In moments of intense emotions, like stress, worry, anger, have you ever felt yourself losing control and raising your voice, or using harsh words? And regretting the deed almost immediately? Don’t beat yourself up. Under duress, an untrained mind can react automatically, and often even rebel against your better judgement, making you use language you’ll repent.
The good news is that you can train your mind to keep it reined in, even in times of crises, with mindful communication. Not just enabling harmonious conversations, mindful communication also facilitates more fulfilling, fruitful interactions—across spheres.
What is mindful communication?
Mindfulness, essentially, is one’s ‘awareness’ of the here and now—you’re fully present in the moment and are conscious of the goings-on of your mind and body. As you are more in-tune with your feelings, thoughts and emotions, you also become more perceptive to others. You understand, and express, yourself better and are able to listen to others imperviously.
This plays a transforming catalyst to how we respond to and experience events.
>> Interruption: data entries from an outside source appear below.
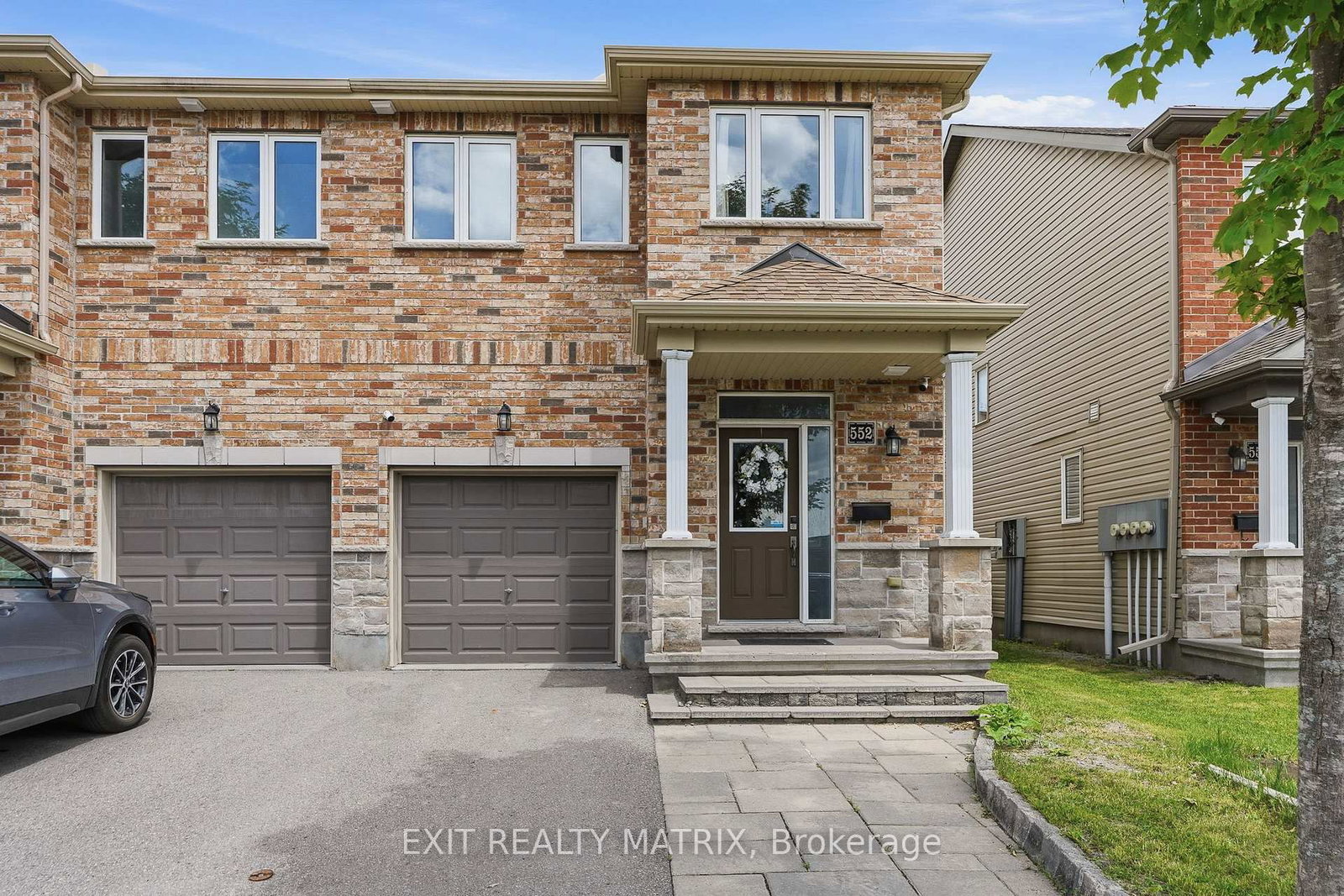 552 Via Mattino Way • Nepean, ON photo 2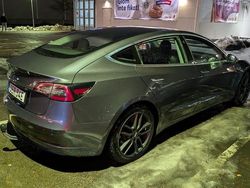 Midnight silver metallic Begagnad 2019 Tesla Model 3 Standard Range Plus Sedan | 229 000 kr (Marknadspris)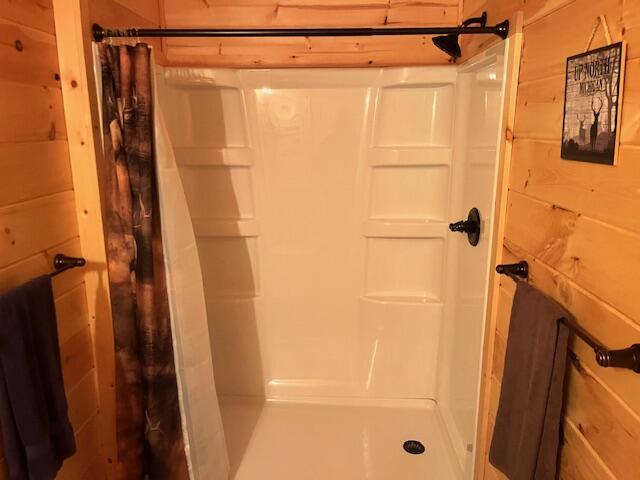 Branch, Michigan, 49402, United States, 5 Bedrooms Bedrooms, ,4 BathroomsBathrooms,Residential,For Sale,1986273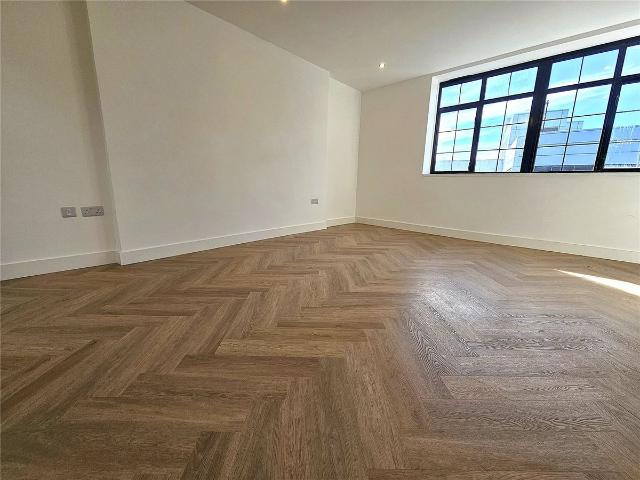 North End, Croydon CR0, Studio to rent, £1,275 pcm | PrimeLocation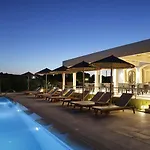 מלון Costa Rossa -adults Only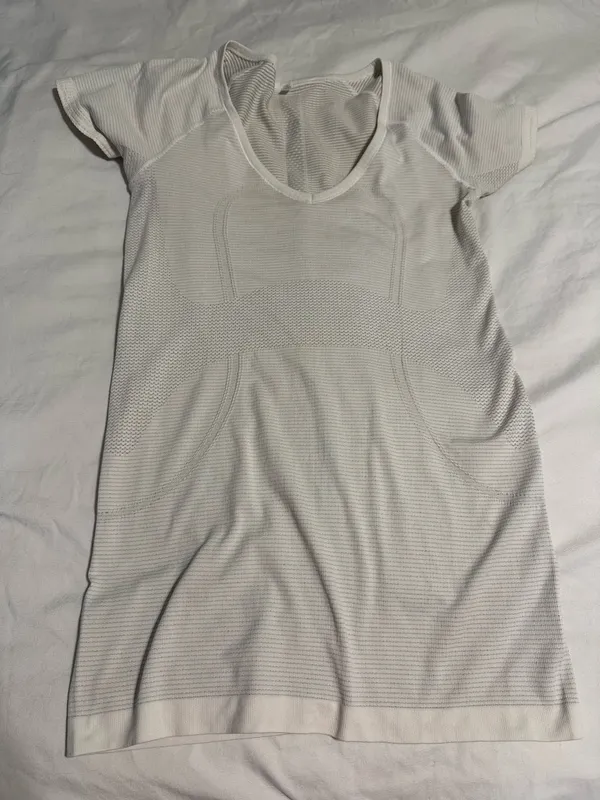Lululemon Swiftly Tech V-Neck - Image 4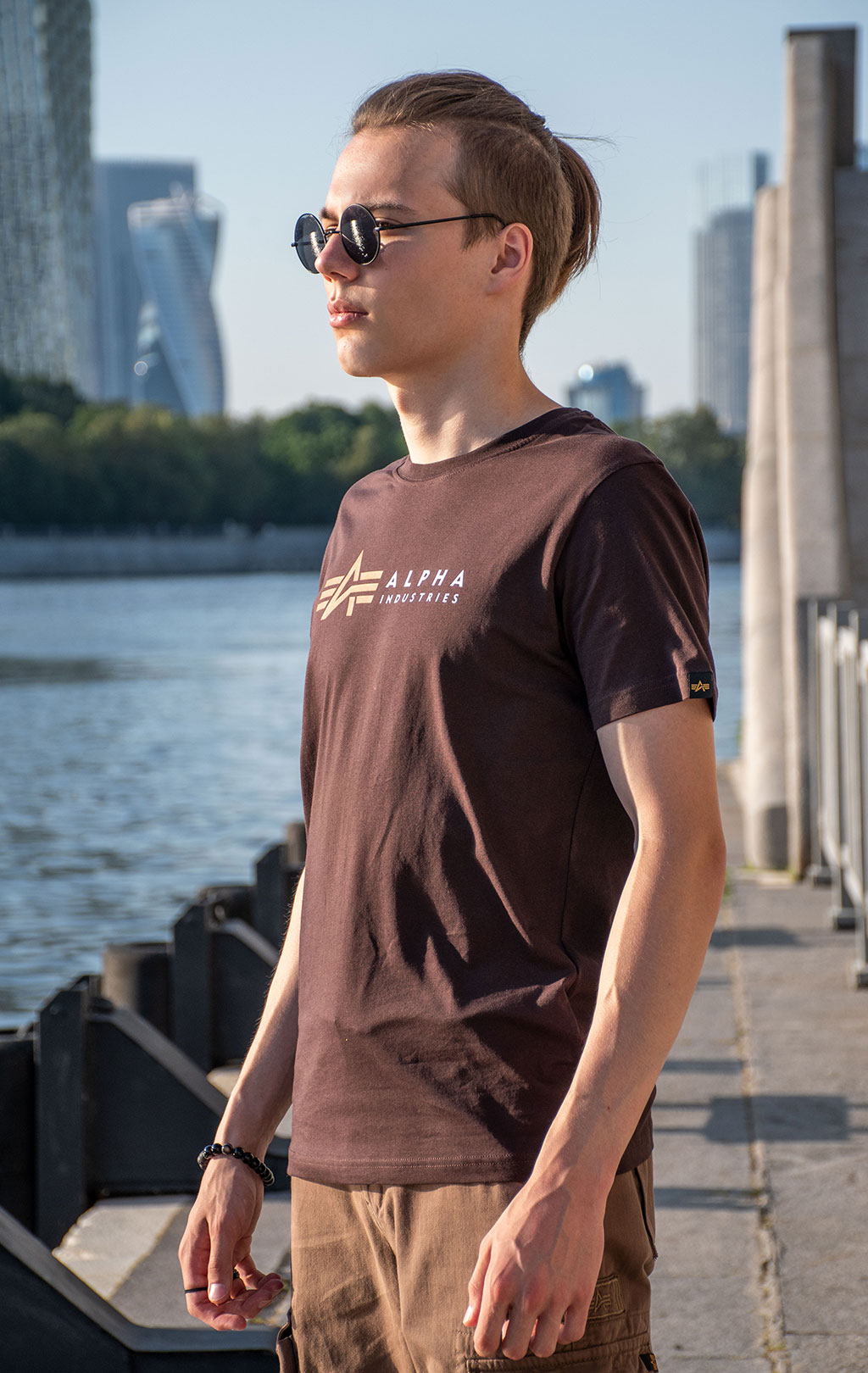 Футболка ALPHA INDUSTRIES ALPHA LABEL TEE hunter brown 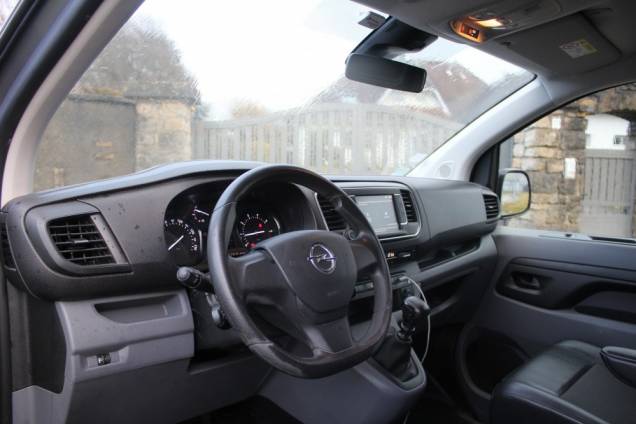 OPEL VIVARO FOURGON L2 STANDARD ESSENTIA 1.5D 120 CV BVM6 / ORIGINE FRANCE 10 OPEL VIVARO FOURGON L2 STANDARD ESSENTIA 1.5D 120 CV BVM6 / ORIGINE FRANCE 10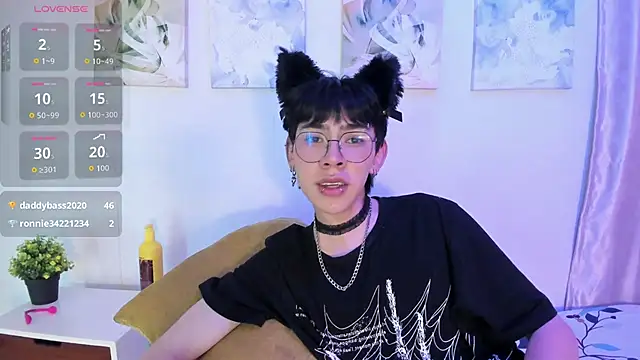 Demian Hush online show from 03.21.26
According to a report by the Center for Spirituality and Healing, University of Minnesota, mindfulness is non-judgmental, steady and non-reactive attention, which is, often, “radically different from the way we normally operate”—creating a “more spacious way of being” that is generally happier.
How does mindful communication work?
Zen master Thích Nhất Hạnh—who also founded the monastic community Plum Village Tradition—is popularly known as the ‘father of modern mindfulness’. In his book, The Art of Communicating, the monk lists two main principles of mind communication:
Soft Speech: It costs nothing to be kind. Be empathetic and sensitive—choose your words carefully, and keep your tone friendly.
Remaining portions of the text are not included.